Youth organization for environmental and community work

Roots & Shoots was founded by Jane Goodall, DBE, in 1991, to bring together youth from preschool to university age to work on environmental, conservation, and humanitarian issues. The organization has local chapters in more than 140 countries, with more than 8000 local groups worldwide that involve nearly 150,000 young people. Many of the chapters operate through schools and other organizations. Participants are encouraged to identify and work on problems in their communities affecting people, animals, or the environment. Charity Navigator has awarded Roots & Shoots and its parent non-profit organization, the Jane Goodall Institute, its highest four-star rating for accountability and transparency, with 78.1% of its expenses going directly to the programs.

==Origin==
Roots & Shoots was founded in 1991 when Jane Goodall started giving talks at local schools in Tanzania. A group of 12 of her students, selected by their classmates, met with Goodall at her home to discuss their local environmental concerns and figure out what they could do to help. These 12 students became the first members of Roots & Shoots, and the organization grew from there. Of the original 12 students, one eventually went on to serve as the Minister of Environment for Tanzania. Another became the Roots & Shoots' National Director for Tanzania.

==Curricula==
The Roots & Shoots curriculum is split into elementary, middle, and high school lesson plans.

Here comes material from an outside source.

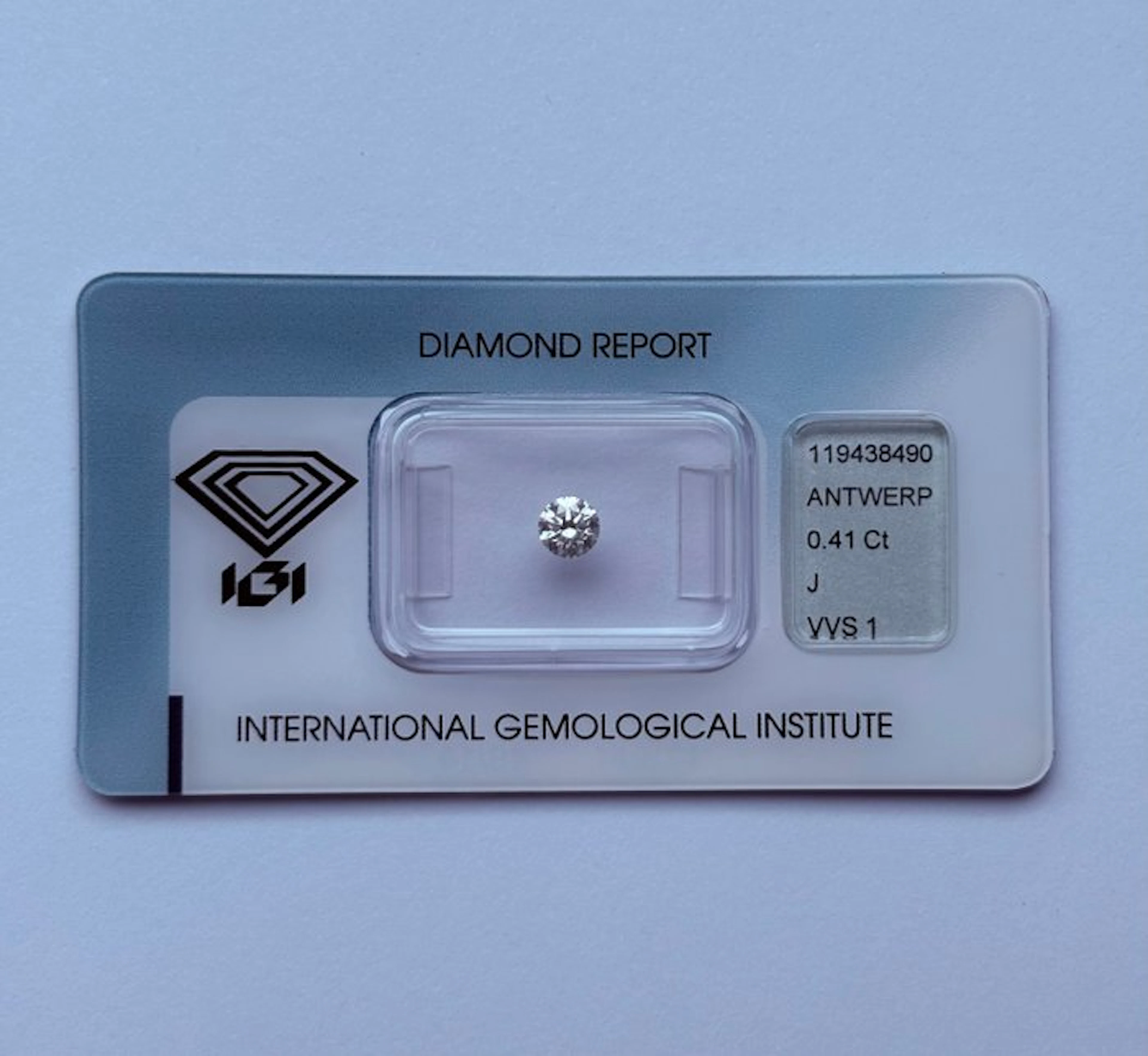 1 pcs Diamond (Natural) - 0.41 ct - Round - J - VVS1...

The program encourages young people to create projects that support campaigns.

==Branches==
There are active Roots & Shoots branches in at least 27 countries, with offices in Abu Dhabi, Argentina, Australia, Austria, Belgium, China, Canada, Columbia, Japan, Republic of the Congo, Democratic Republic of Congo, France, Germany, Hong Kong, Indonesia, Italy, Kenya, Puerto Rico, Nepal, New Zealand, Singapore, South Africa, South Korea, Spain, Taiwan, Tanzania, Uganda, the United Kingdom, and the United States.

===China===
China has four main Roots & Shoots branches in Beijing, Shanghai, Chengdu, and Hong Kong that support more than 600 primary school groups.

===Taiwan===
In Taiwan, Roots and Shoots has been established in many schools and universities.

===United States===
====Tulsa, Oklahoma====
Riverfield Country Day School in Tulsa has implemented the Roots & Shoots program.

====Tucson, Arizona====
Empire High School in Tucson has also implemented the Roots & Shoots program.